▸ **PROVIDED ENTRIES**:
────
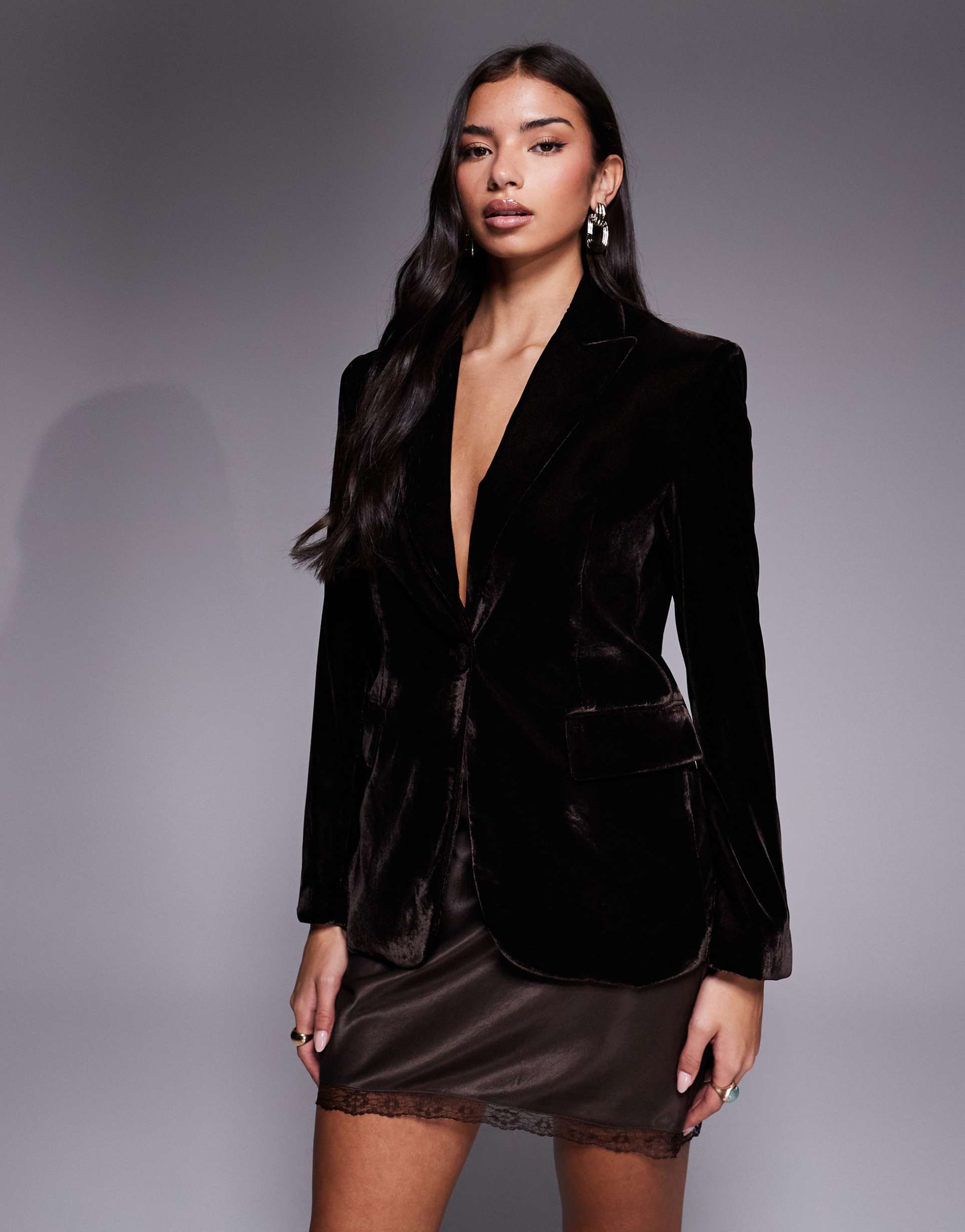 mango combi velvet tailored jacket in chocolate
────
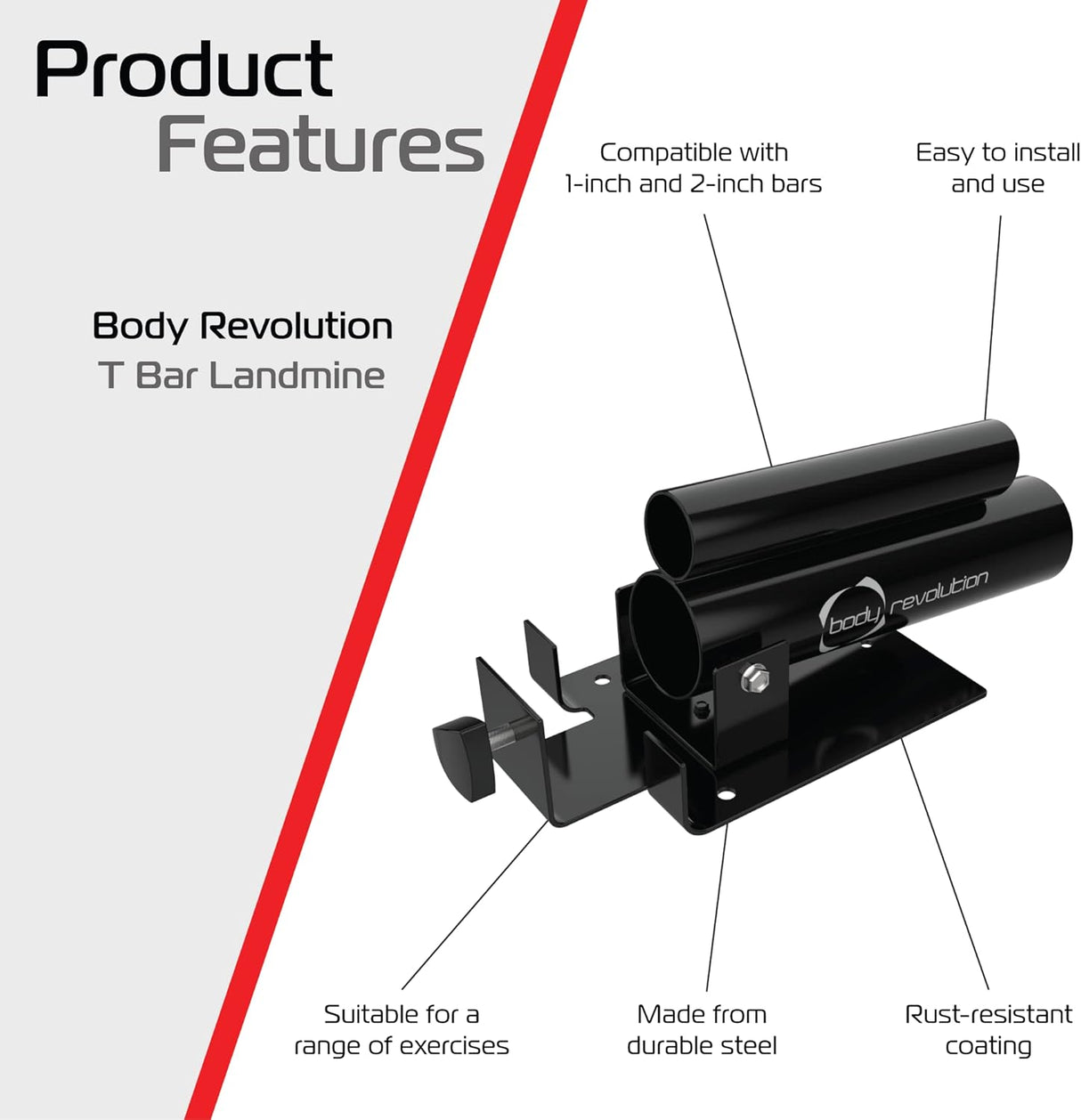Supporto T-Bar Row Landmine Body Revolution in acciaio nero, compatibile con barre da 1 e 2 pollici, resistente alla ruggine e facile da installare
────
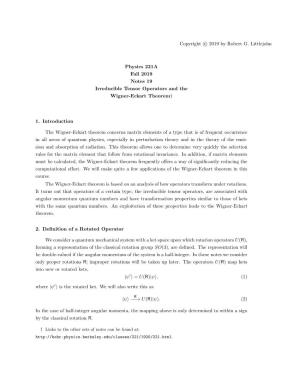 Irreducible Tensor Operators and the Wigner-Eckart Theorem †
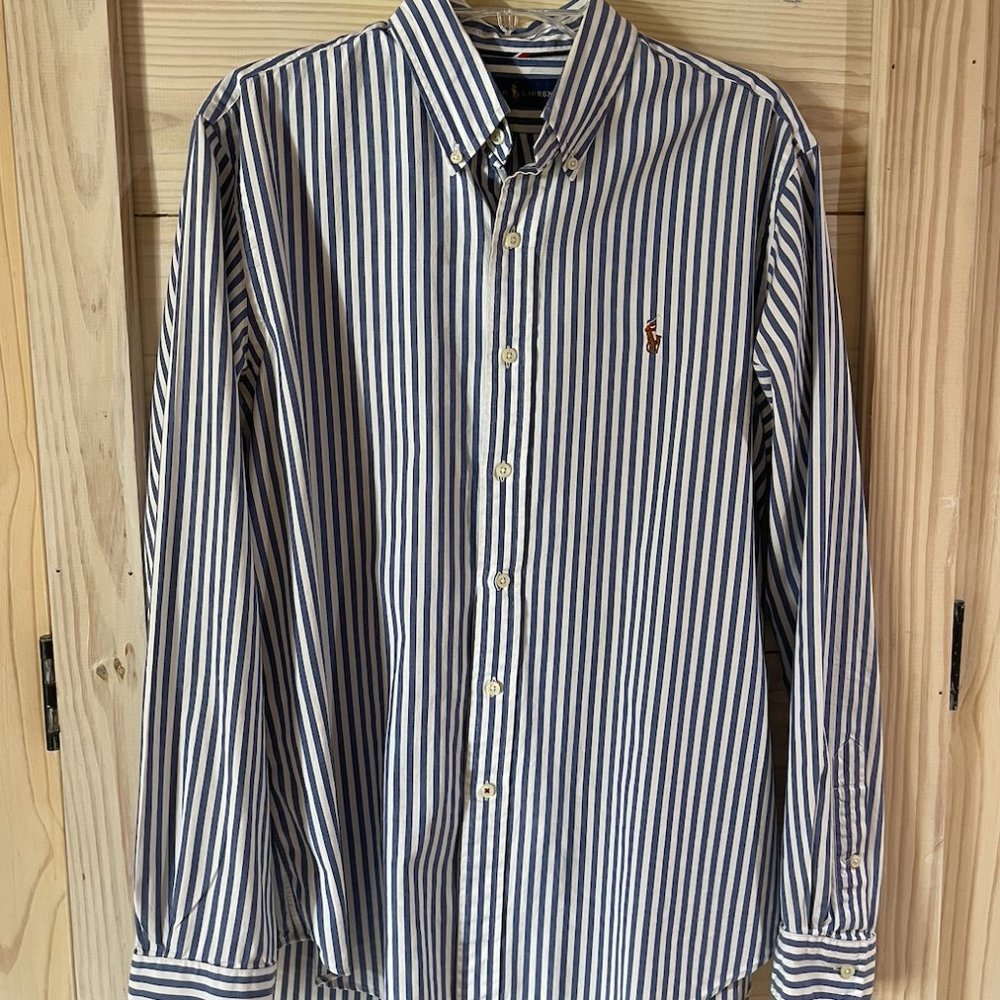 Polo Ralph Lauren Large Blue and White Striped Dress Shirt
────
▸ **WORK ORDER**: Starting at the line above that holds "Irreducible Tensor Operators", return each line up to and including the one that holds "Polo Ralph Lauren", exactly as written, minus any pictures.

▸ **TASK ANSWER**:
 Irreducible Tensor Operators and the Wigner-Eckart Theorem †
 Polo Ralph Lauren Large Blue and White Striped Dress Shirt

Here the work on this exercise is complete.